Note: Students are good at coming up with signal phrases when talking one-on-one, especially if I ask them questions like: What are you going for here? How does this paragraph (or sentence) connect to the last? What are you trying to get across to the reader in this paragraph (or sentence)? When I ask them questions like this, they’ll usually guide me in ways they don’t do on the page. I tell them to guide the reader in the very same way they’re guiding me in conversation. These words echo: Ah, I see what you’re up to now! What you just said... put that in there! Jot it down before we forget!
Disorientation is a tool for revision
When I read student essays, I try to navigate the structure as myself and as a reader ignorant of the course topics and materials. I tell each writer where I felt disoriented and where this other reader would likely feel disoriented. What I’m doing here is checking the reader-friendliness of the structure the writer has built. The more disoriented “we” felt, the less cohesive, and less friendly, the structure is. When the writer knows where “we” felt disoriented, they might go back to those areas and see what’s needed to bridge the gap. For peer review, I ask students to read each other’s work from this state of split consciousness between themself and the reader still on the surface.
This method of reader-response is also a good balm for student’s apprehensions and anxieties about getting help on their essays. These feelings are shaped by an individualistic ideology (stand on their own feet!) and a punitive model of academic integrity that too often prevents students from seeking out the very thing that can help them improve: readers, responses, conversation.
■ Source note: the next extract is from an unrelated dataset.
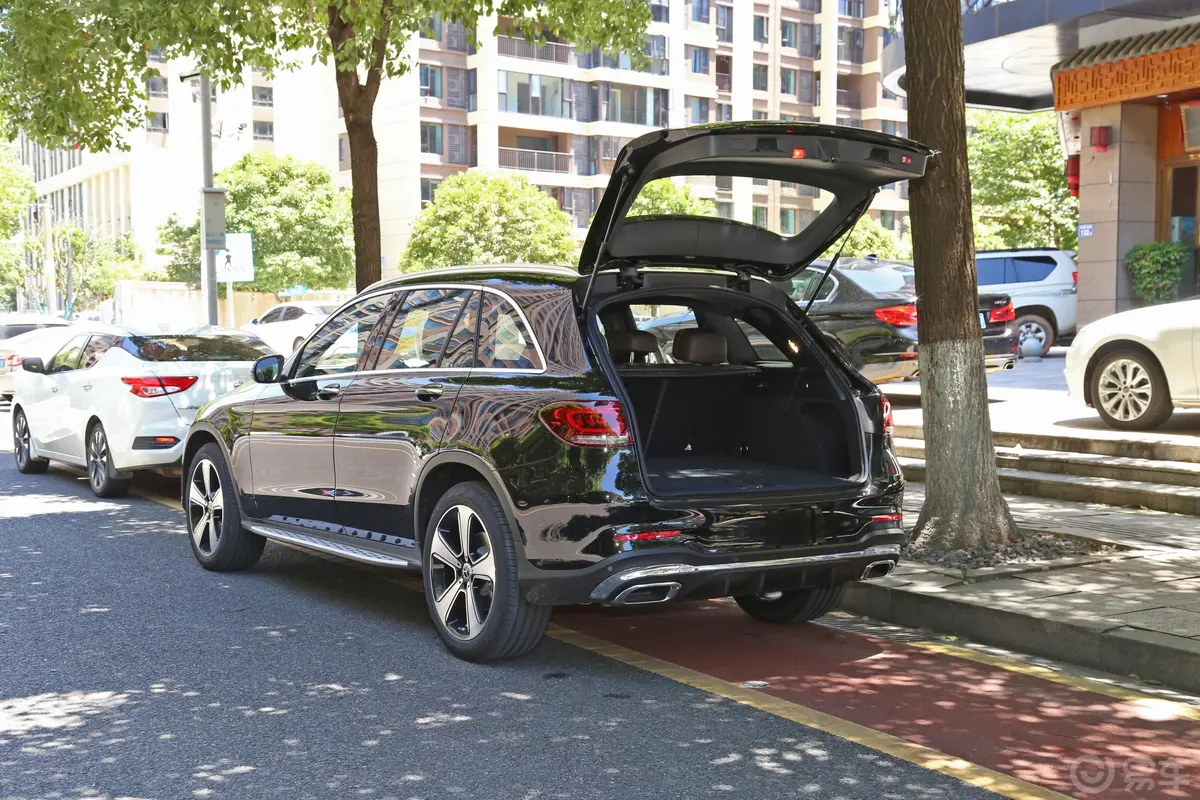 奔驰GLC改款三 GLC 300 L 4MATIC 豪华型后备厢开启45度侧拍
So I encourage students to get friends or family to read their work. The best help these readers can give is not editing. That will teach very little. It won’t let me, as a teacher, hear the student’s honest voice. And it won’t give me the material i need to help them break patterns that stall communication. The best thing a reader can do is note areas where they felt disoriented, confused, or lost. The more a writer gets this type of feedback, the more they start to internalize their various readers. These readers start to sit on their shoulders as they write, reread, and revise their work. I have a few of my own here with me now!
Note: It might help for readers to track other feelings such as anger or frustration, or even positive feelings. Some instructors encourage this type of reader response, but I find the feeling of disorientation most useful for the writing process.
On Grading
As much as I hate grading, I think it can communicate an important message to a student of systemic analysis. It is an imperfect marker of how well they are using the course tools to reach a deeper view and how clear and impactful that view is for readers. A high grade is a sign that the student is proficient with the tools and that their work is reader-friendly and impactful. Lower grades signify a diminishing ability to handle the tools or communicate one’s vision in reader-friendly ways. The highest grade means the student has built a lighthouse that shines clearly for readers.
“Am I going in the right direction?”
Many writing instructors hate to hear this question. I like it. A student who asks it wants to know if they’re on the right path. There is, of course, no one right path. But we, who know a way (other than just the way to an A), can let them know they’re on it or if they’ve lost the way.